Dalam aksi ini ada beberapa tuntutan yang dibawa oleh KASBI, tuntutan utama yang dibawa ialah cabut UU Cipta Kerja dan perlakukan upah layak nasional.
“Pertama cabut UU Cipta Kerja Omnibus Law, lalu hapus perjanjian kontrak dan outsourcing, perlakukan upah layak nasional juga sediakan akses pendidikan bagi anak-anak para buruh, pendidikan yang murah dan berkualitas. Lalu turunkan harga bahan pokok,” jelas Mulyono.

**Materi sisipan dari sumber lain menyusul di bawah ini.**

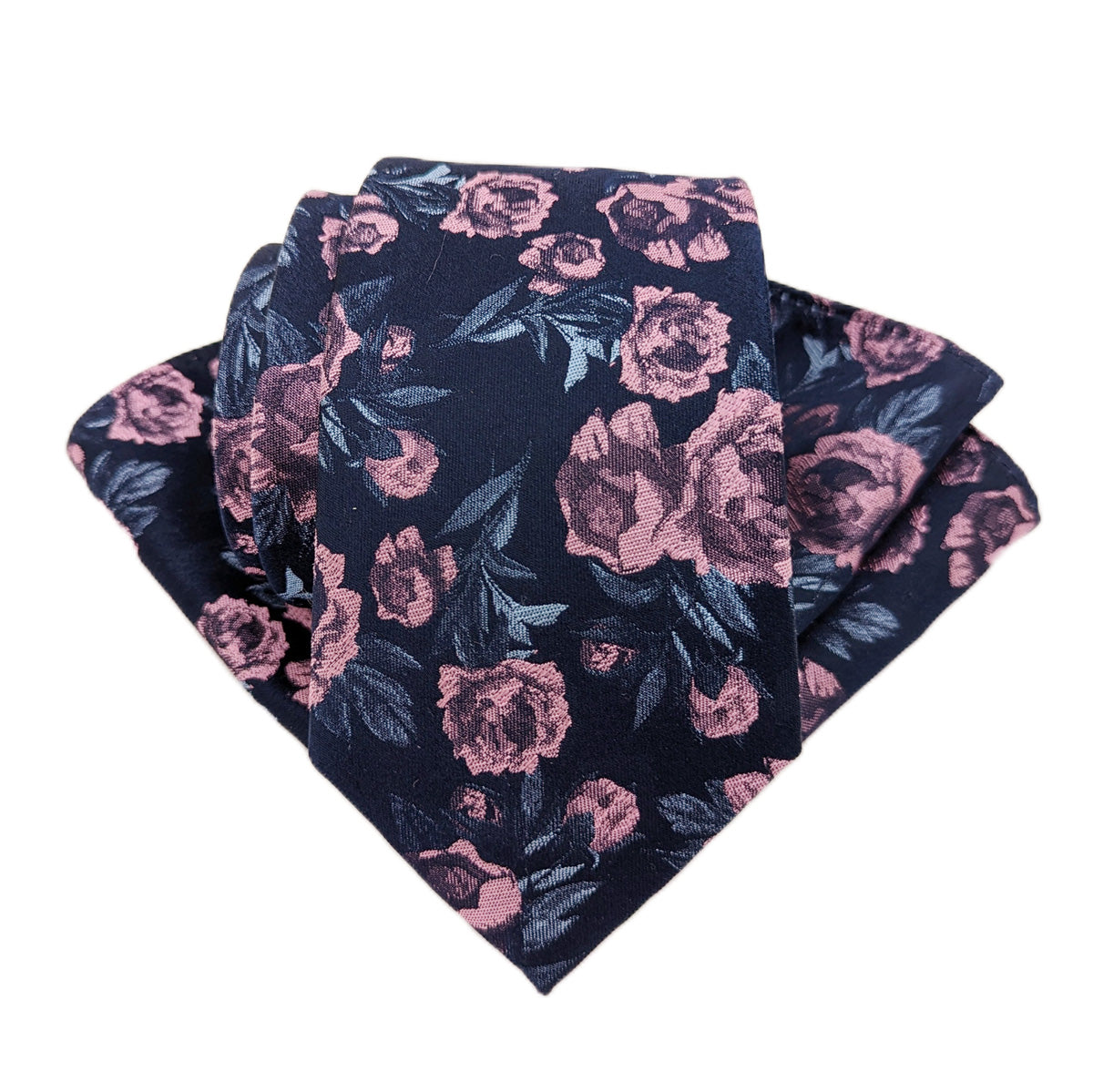 Midnight Pink Rose Pocket Square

Hal senada juga diungkapkan oleh Muhammad Feri Agung Gumelar selaku koordinator lapangan dari Universitas Sultan Agung (Unissula).
“Pemerintah perlu memberikan upah layak secara nasional karena mengingat upah di Jawa Tengah ini adalah upah yang paling rendah dari semua provinsi,” tegas Feri Agung.
Pada mulanya aksi berjalan kondusif, peserta aksi berkumpul di titik aksi sekitar pukul 12.30 WIB, tetapi sekitar pukul 15.54 WIB polisi mulai memukul mundur massa aksi serta menyemprotkan water canon. Tidak berhenti di situ, polisi juga memukul dan menyeret beberapa massa aksi.
Tindakan represif dari polisi ini terjadi setelah massa aksi meminta untuk memasuki kantor gubernur atau meminta dipertemukan dengan pejabat yang bersangkutan untuk menemui massa aksi di depan kantor Gubernur.
Berdasarkan rilis pers Aliansi Masyarakat Jawa Tengah, setidaknya terdapat lebih dari tiga massa aksi yang terluka dan memar akibat tonfa (pentungan polisi) pada bagian tangan, leher, maupun dada.
Setelah terjadi tindakan represif ini kemudian datang massa buruh dari Federasi Serikat Pekerja Metal Indonesia (FSPMI) dan Konfederasi Serikat Pekerja Indonesia (KSPI). FSPMI dan KSPI dalam aksi ini membawa empat tuntutan, yaitu:
- Cabut Omnibus Law atau UU Cipta Kerja
- HOSTUM (Hapus Outsourcing, Tolak Upah Murah)
- Cabut gugatan APINDO (Asosiasi Pengusaha Indonesia) terhadap UMK (Upah Minimum Kabupaten/Kota) Jawa Tengah 2024
- Pekerjakan kembali delapan pekerja Pertamina Cilacap yang di PHK (pemutusan hubungan kerja) sepihak karena menjadi calon legislatif Partai Buruh.
Ketika massa FSPMI dan KSPI datang, massa aksi dari mahasiswa dan KASBI sudah mundur dari depan kantor gubernur dan menyisakan sedikit massa yang berhadapan dengan aparat kepolisian.
Buruh-buruh FSPMI dan KSPI kemudian menggelar aksi di selatan gerbang kantor gubernur.
Meski diwarnai dengan tindakan represif, Mulyono selaku koordinator KASBI menyatakan bahwa aksi-aksi seperti ini harus tetap hidup.
“Aksi Hari Buruh ini sangat bagus karena dikompilasi dengan Hardiknas, Hari Pendidikan Nasional, dan mudah-mudahan momen-momen seperti ini harus tetap terlaksana,” tegas Mulyono.
Dia juga menambahkan bahwa gerakan bersama antara buruh, mahasiswa dan elemen sipil lainnya perlu terus menerus berkembang.
“Gerakan-gerakan buruh, rakyat, bersama mahasiswa ini bisa lebih berkembang lagi untuk mengkritisi regulasi pemerintah yang memang tidak memihak kepada rakyat, terutama bagi buruh,” jelas Mulyono.